Memorial Day was originally observed on May 30, 1868 when flowers were laid on the graves of both Union and Confederate soldiers at Arlington National Cemetery. It's meaning was expanded after World War I to include the sacrifices of American soldiers throughout it's history. Therefore, I was somewhat disturbed when a couple of ladies from New York on one of my walking tours made the statement: "What do people in Savannah do this weekend since you don't observe Memorial Day"? My answer: "We observe Memorial Day like all Americans should" As a native Ohioan living in Georgia, I find regional animosities tiresome at best and mostly based on the ignorance most often expressed by those too culturally shallow to travel well.
Savannah's monuments to fallen soldiers are many and offer a glimpse into the very soul of the place for those willing to open their eyes. It usually comes as a surprise that the only Confederate monuments in the downtown National landmark Historic District sit within a wrought iron fence in the Forsyth Park Parade Grounds to the far edge of the Landmark District. The downtown is actually dominated by monuments dedicated to such heroes as Nathanael Greene, Casimir Pulaski, and Sergent Jasper. It was the spirit of the American Revolution which was enthroned here. This must have been a bit confusing to occupying Union Soldiers realizing both sides had the same heroes.

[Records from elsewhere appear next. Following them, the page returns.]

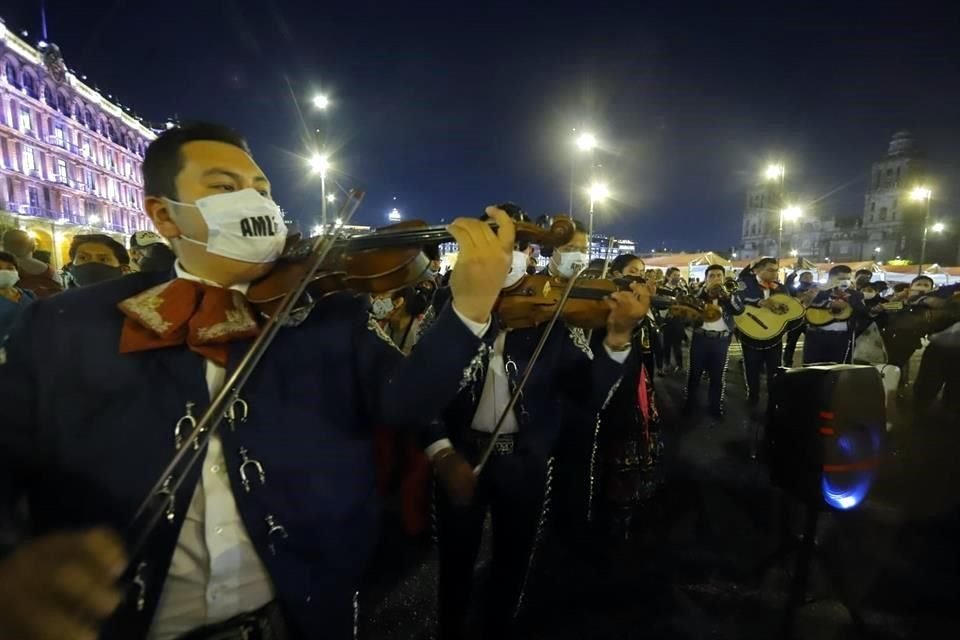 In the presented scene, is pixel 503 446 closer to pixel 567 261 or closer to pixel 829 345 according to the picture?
pixel 567 261

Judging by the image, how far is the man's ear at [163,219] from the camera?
149 centimetres

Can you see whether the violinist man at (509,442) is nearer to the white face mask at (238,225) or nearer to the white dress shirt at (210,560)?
the white dress shirt at (210,560)

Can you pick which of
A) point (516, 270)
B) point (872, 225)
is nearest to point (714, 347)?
point (516, 270)

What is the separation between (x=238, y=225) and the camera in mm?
1473

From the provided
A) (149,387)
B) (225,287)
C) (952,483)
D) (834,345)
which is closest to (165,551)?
(149,387)

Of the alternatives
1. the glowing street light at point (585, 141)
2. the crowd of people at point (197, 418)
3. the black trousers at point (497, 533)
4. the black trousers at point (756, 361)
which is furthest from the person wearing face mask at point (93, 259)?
the glowing street light at point (585, 141)

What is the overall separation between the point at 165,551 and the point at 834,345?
378 inches

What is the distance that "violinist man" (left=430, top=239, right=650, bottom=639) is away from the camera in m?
2.46

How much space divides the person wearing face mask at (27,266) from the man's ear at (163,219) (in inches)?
228

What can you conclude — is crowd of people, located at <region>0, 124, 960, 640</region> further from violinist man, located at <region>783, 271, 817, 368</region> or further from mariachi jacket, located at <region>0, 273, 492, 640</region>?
violinist man, located at <region>783, 271, 817, 368</region>

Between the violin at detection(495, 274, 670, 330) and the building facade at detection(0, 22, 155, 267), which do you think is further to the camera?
the building facade at detection(0, 22, 155, 267)

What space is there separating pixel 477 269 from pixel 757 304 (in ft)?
25.2

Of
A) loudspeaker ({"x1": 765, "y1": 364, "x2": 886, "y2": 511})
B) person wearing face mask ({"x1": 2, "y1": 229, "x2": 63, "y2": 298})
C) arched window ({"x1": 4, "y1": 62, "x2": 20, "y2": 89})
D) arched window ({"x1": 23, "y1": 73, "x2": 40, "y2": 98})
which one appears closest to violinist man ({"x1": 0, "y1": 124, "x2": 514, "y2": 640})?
loudspeaker ({"x1": 765, "y1": 364, "x2": 886, "y2": 511})

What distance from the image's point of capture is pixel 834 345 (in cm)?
795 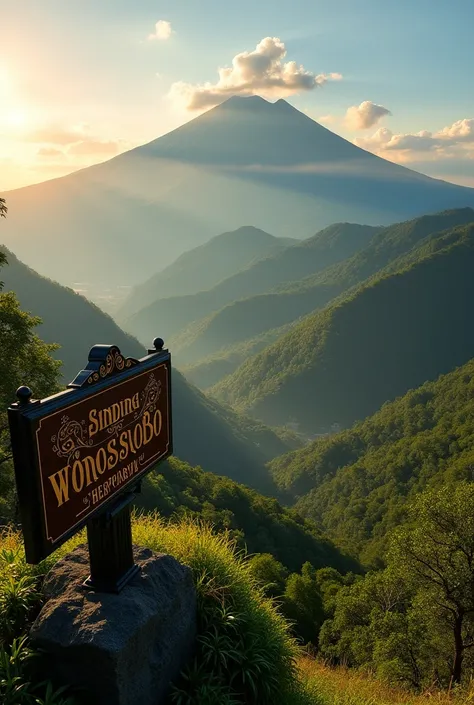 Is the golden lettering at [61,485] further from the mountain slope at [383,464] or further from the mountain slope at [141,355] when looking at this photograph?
the mountain slope at [141,355]

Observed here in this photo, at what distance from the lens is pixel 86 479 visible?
5578mm

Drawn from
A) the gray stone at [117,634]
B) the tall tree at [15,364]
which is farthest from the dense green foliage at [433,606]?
the tall tree at [15,364]

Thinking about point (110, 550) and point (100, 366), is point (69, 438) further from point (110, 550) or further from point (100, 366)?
point (110, 550)

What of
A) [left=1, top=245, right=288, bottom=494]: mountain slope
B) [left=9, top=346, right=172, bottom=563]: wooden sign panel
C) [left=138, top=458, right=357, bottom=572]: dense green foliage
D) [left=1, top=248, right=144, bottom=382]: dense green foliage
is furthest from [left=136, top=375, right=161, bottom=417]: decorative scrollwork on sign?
[left=1, top=248, right=144, bottom=382]: dense green foliage

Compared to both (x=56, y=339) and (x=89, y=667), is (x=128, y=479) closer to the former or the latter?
(x=89, y=667)

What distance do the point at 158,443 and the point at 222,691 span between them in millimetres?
3602

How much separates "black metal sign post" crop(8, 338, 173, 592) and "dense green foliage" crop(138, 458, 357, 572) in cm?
3637

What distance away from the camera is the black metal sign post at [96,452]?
4.80m

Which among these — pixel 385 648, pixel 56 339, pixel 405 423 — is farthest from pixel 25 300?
pixel 385 648

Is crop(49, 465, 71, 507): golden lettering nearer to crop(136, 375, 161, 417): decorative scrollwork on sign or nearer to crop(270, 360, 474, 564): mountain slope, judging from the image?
crop(136, 375, 161, 417): decorative scrollwork on sign

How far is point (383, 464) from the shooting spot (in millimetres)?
100062

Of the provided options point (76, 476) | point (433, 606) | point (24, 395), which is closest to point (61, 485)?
point (76, 476)

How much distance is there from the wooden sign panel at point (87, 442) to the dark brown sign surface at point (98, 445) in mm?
11

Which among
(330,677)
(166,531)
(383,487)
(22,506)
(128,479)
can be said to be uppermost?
(22,506) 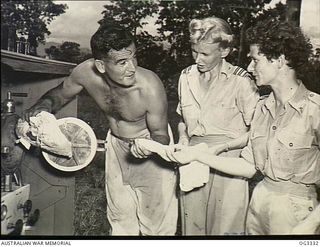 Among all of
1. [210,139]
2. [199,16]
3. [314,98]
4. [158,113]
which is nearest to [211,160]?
[210,139]

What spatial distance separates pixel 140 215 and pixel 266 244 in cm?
60

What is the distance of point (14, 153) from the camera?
3057 mm

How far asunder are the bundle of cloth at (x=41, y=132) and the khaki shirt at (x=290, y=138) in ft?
2.99

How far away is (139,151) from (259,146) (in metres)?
0.56

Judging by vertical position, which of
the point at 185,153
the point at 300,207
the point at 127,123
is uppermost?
the point at 127,123

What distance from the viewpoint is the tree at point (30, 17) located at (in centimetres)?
304

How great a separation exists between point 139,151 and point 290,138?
0.70 m

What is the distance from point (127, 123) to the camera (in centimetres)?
305

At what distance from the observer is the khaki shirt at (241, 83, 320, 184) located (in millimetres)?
2988

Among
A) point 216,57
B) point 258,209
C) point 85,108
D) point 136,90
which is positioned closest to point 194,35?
point 216,57

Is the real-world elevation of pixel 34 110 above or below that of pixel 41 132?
above

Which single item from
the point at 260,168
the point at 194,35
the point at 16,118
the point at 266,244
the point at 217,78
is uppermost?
the point at 194,35

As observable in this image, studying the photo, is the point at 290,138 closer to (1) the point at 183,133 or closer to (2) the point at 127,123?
(1) the point at 183,133

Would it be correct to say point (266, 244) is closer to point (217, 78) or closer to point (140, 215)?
point (140, 215) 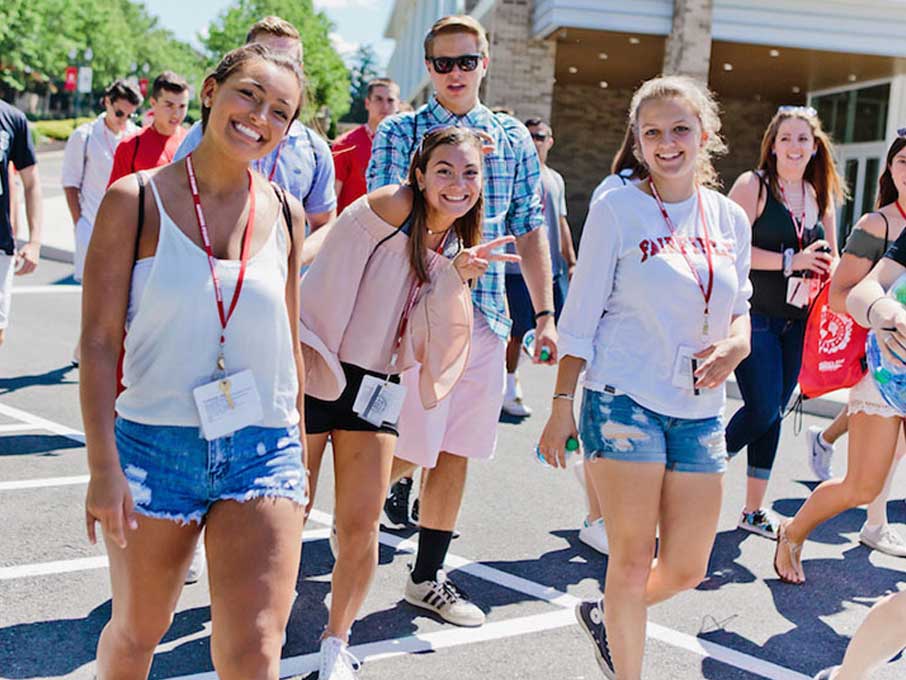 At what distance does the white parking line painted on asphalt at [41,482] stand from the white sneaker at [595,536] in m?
2.63

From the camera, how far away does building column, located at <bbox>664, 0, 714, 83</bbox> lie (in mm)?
19062

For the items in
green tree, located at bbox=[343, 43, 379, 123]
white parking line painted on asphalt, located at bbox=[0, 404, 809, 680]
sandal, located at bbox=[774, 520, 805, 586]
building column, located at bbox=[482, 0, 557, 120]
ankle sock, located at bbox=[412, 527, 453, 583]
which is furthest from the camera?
green tree, located at bbox=[343, 43, 379, 123]

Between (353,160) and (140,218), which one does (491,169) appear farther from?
(353,160)

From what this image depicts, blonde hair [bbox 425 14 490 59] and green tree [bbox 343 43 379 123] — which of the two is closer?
blonde hair [bbox 425 14 490 59]

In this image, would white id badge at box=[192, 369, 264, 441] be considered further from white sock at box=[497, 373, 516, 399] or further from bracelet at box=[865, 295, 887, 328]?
white sock at box=[497, 373, 516, 399]

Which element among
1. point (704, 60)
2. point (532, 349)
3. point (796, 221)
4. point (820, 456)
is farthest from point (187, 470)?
point (704, 60)

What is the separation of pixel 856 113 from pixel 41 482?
23135 mm

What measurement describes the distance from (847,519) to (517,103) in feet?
50.0

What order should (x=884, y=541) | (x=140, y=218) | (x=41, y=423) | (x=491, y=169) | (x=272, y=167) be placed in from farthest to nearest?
(x=41, y=423) < (x=884, y=541) < (x=491, y=169) < (x=272, y=167) < (x=140, y=218)

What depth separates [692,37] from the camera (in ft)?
62.7

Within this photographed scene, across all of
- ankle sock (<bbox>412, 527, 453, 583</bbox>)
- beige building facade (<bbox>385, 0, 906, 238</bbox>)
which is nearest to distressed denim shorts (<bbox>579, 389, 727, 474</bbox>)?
ankle sock (<bbox>412, 527, 453, 583</bbox>)

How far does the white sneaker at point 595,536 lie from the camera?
5.19 meters

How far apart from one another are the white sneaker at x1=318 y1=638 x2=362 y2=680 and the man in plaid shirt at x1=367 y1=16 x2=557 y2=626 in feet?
2.42

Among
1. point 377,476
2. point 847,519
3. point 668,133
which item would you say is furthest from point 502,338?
point 847,519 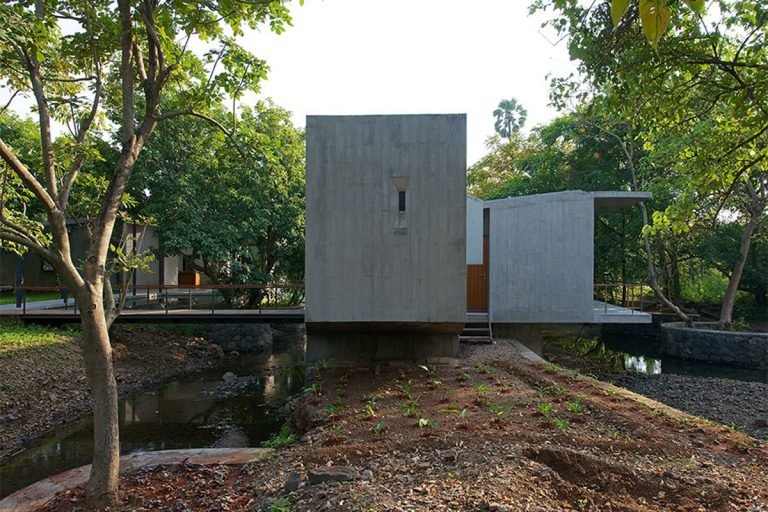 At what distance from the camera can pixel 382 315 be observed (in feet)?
27.0

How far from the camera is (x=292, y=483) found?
14.1 feet

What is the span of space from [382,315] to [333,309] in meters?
0.88

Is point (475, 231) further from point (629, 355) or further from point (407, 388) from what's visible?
point (629, 355)

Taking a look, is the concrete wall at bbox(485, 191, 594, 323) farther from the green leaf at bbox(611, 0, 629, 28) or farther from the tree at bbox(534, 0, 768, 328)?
the green leaf at bbox(611, 0, 629, 28)

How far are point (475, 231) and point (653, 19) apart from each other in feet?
36.9

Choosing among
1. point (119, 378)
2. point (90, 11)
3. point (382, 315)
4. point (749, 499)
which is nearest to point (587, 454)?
point (749, 499)

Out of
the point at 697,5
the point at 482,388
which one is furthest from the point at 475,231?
the point at 697,5

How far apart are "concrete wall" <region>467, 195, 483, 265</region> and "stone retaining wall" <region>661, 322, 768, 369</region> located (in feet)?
28.7

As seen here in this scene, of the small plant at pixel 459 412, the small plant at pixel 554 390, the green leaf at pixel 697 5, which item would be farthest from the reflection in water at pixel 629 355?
the green leaf at pixel 697 5

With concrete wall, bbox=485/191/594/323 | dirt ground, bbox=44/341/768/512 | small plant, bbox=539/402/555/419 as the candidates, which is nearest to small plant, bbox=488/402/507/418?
dirt ground, bbox=44/341/768/512

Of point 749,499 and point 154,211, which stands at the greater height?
point 154,211

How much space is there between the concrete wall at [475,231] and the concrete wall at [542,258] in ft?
0.93

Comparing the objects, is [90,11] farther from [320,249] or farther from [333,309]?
[333,309]

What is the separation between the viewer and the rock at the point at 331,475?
414 cm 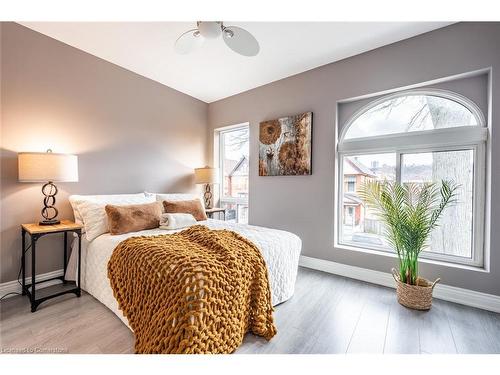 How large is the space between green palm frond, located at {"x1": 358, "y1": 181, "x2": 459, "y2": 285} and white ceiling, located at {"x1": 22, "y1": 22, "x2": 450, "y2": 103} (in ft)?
4.95

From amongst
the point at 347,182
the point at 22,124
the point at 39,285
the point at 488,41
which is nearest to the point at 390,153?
the point at 347,182

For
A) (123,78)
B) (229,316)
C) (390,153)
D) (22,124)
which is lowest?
(229,316)

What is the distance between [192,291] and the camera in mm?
1237

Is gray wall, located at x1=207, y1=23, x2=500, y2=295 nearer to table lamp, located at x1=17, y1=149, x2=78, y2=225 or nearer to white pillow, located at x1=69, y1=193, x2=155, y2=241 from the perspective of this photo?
white pillow, located at x1=69, y1=193, x2=155, y2=241

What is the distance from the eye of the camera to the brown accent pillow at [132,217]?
2.16 meters

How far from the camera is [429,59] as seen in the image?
7.15 ft

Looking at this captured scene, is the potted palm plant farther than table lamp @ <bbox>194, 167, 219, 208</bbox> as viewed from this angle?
No

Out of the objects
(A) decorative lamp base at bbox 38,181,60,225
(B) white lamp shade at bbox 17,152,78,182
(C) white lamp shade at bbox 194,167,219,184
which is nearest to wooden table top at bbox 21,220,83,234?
(A) decorative lamp base at bbox 38,181,60,225

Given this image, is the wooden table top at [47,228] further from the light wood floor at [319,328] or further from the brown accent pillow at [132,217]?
the light wood floor at [319,328]

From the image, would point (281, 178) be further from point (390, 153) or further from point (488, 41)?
point (488, 41)

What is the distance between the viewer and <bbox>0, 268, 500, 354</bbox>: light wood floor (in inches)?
58.3

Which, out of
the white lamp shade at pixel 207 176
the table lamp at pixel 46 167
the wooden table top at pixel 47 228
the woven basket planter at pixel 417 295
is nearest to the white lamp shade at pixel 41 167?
the table lamp at pixel 46 167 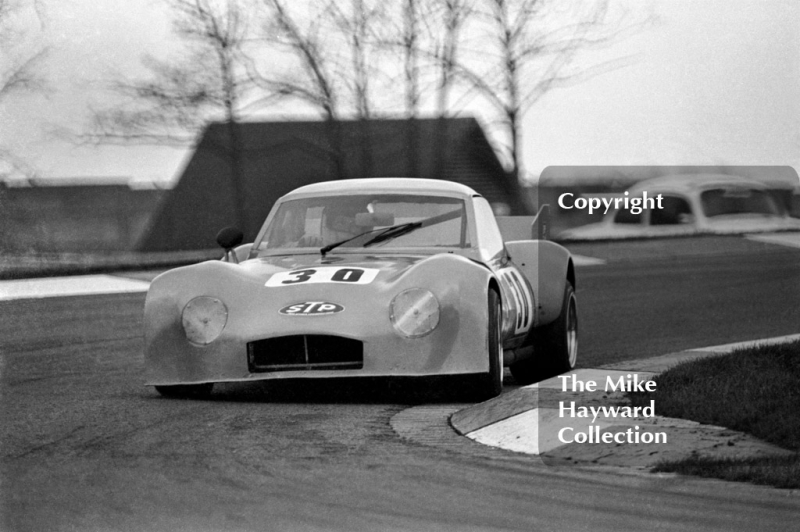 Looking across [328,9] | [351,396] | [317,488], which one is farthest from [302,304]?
[328,9]

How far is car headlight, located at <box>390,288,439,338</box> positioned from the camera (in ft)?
21.4

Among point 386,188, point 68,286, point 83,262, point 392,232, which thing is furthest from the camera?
point 83,262

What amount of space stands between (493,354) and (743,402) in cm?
133

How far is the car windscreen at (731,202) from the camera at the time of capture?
10.6 m

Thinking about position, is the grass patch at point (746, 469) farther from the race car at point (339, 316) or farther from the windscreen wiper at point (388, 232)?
the windscreen wiper at point (388, 232)

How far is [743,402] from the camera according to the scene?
6039 mm

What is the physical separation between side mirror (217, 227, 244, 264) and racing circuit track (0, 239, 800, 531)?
0.89 metres

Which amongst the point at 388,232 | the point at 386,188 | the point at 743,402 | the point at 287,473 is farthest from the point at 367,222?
the point at 287,473

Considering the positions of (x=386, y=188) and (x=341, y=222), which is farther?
(x=386, y=188)

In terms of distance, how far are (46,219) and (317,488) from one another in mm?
24025

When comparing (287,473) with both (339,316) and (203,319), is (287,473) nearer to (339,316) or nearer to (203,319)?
(339,316)

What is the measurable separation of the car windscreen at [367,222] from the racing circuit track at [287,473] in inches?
37.1

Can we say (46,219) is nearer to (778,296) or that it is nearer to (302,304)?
(778,296)

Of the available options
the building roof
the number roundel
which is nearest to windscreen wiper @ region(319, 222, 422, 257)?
the number roundel
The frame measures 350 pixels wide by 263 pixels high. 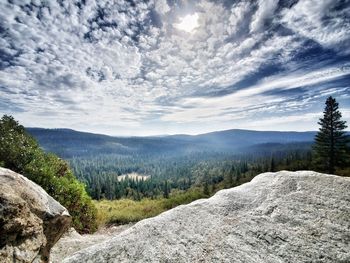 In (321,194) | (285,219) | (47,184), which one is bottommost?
(47,184)

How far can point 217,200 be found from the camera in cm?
918

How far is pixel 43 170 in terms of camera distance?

Today, monuments to contemporary conflicts such as World War I and Vietnam can also be visited along with the most recent entry on River Street to those who fought during World War II. If anything written here is new information, maybe it's time you took a few moments to read the inscriptions provided at these sites - wherever they may be. A little quiet remembrance of those who have ensured our freedoms might be good for what's ailing us as a country right now. Just a thought.